GAB initiated panic on AIX with low system utilization

book

Article ID: 100023102

calendar_today

Updated On:

Resolution

In the errlog, the following entry is found:
---------------------------------------------------------------------------
LABEL:  KERNEL_PANIC
IDENTIFIER:225E3B63
Date/Time:       Mon Nov  3 12:13:102008
Sequence Number: 1074016
Machine Id:      00344C0C4C00
Node Id:        xxxxxxx
Class:          S
Type:            TEMP
Resource Name:   PANIC
Description
SOFTWARE PROGRAM ABNORMALLY TERMINATED
Recommended Actions
PERFORM PROBLEM DETERMINATION PROCEDURES
Detail Data
ASSERT STRING
PANIC STRING
GAB: Port h halting system due to client process failure
---------------------------------------------------------------------------

The stack trace of the stack which caused the panic is:
(3)>f
pvthread+00DC00 STACK:
[00021B50].panic_trap+000000()
[0896632C]gab_halt+000080 (??)
[0896632C]gab_halt+000080(??)
[08961B6C]gab_kill_process+0000A8 (??)
[08958D58]gab_timerscan+00032C(??)
[089547E0]gab_timeout_daemon+000080 (??)
[000FF624]procentry+000010(??, ??, ??, ??)
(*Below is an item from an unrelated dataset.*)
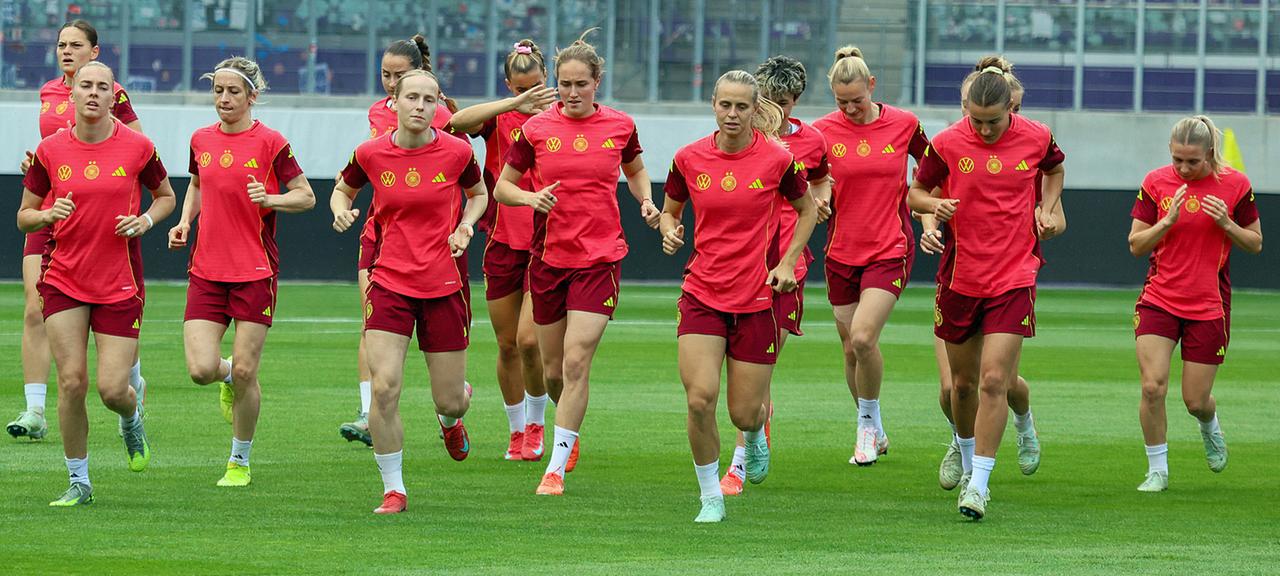 The German players run on the lawn in a stadium.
Usually this happens when the system is under stress and HAD (running in user space) does not get CPU cycles in time to respond to GAB (in kernel space).

However, it has been seen on AIX that HAD can be paged out even if the system is more or less idle.

To avoid this, it is advised to change the setting for  lru_file_repage from 1 to 0.

If lru_file_repage is set to 1, computational and non-computational pages can be swapped out. This includes HAD, and a paged-out HAD can easily miss a response to a GAB heartbeat.

To check the current value of lru_file_repage:
# vmo -o lru_file_repage

To change the value of lru_file_repage:
# vmo-p -o lru_file_repage=0
 
or 1 to enable

Issue/Introduction

GAB initiated panic on AIX with low system utilization